Recently I was in a gorgeous spot in Montana. I was rendezvousing with friends and teaching, so it was a combination of work and play.
One of the new people I met asked if I would have breakfast with her. The purpose was to get to know each other better and perhaps explore doing some kind of event in the future regarding women, horses, mental skills training and horsemanship.
We met over a lovely breakfast and began chatting. Within minutes somehow the subject of Zane came up and I shared with her about his passing. I truly cannot recall why or how I mentioned him.
She looked at me with big tears in her eyes and said she was leaving the next day to go to the funeral of one of her daughter’s best friends, a young man who had been living in their home for the summer. Her daughter and the boy were lifelong friends … the boy next door friend.
He had recently passed from tragic circumstances. The woman herself was grief stricken and heart sick. But most of all, she hurt for her daughter who was struggling terribly. She didn’t know how to help her.
I shared with her one of the things that helped me through the toughest parts of my own grief … and something I now strive to do for others who grieve … and that is … just stand by them.
One of my closest friends, as well as my family did that for me during my darkest days after Zane’s passing. And they still do.
They didn’t try to fix my broken heart. They didn’t feel pressure to find some kind of magic words that would make it all ok for me … and for them. They were just there for me through texts, cards, emails, lunch invitations and phone calls. I didn’t have to share what was on my heart if I didn’t want to. There were no demands on me to be or say anything other than what I wanted to be or say.
That is the best support of all. Just having someone there so we don’t have to go through the valley alone. Of course, our horses are awesome at being a steady source of strength.
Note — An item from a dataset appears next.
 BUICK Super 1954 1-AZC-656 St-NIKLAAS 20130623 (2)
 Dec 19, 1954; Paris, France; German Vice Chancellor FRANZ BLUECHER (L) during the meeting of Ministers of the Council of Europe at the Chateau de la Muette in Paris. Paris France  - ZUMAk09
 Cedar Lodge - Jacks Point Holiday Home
They too allow us to have dignity in our sorrow. They stand by and steady us while we find some footing to stand firmly on our own again.
It has been healing for me to aspire to be that kind of person for others, too. I love how giving and receiving are such a sweet partners in a healing circle.
At breakfast that morning, my new friend and I never left the conversation about what was transpiring in her life. Somehow it helped me to stand by her.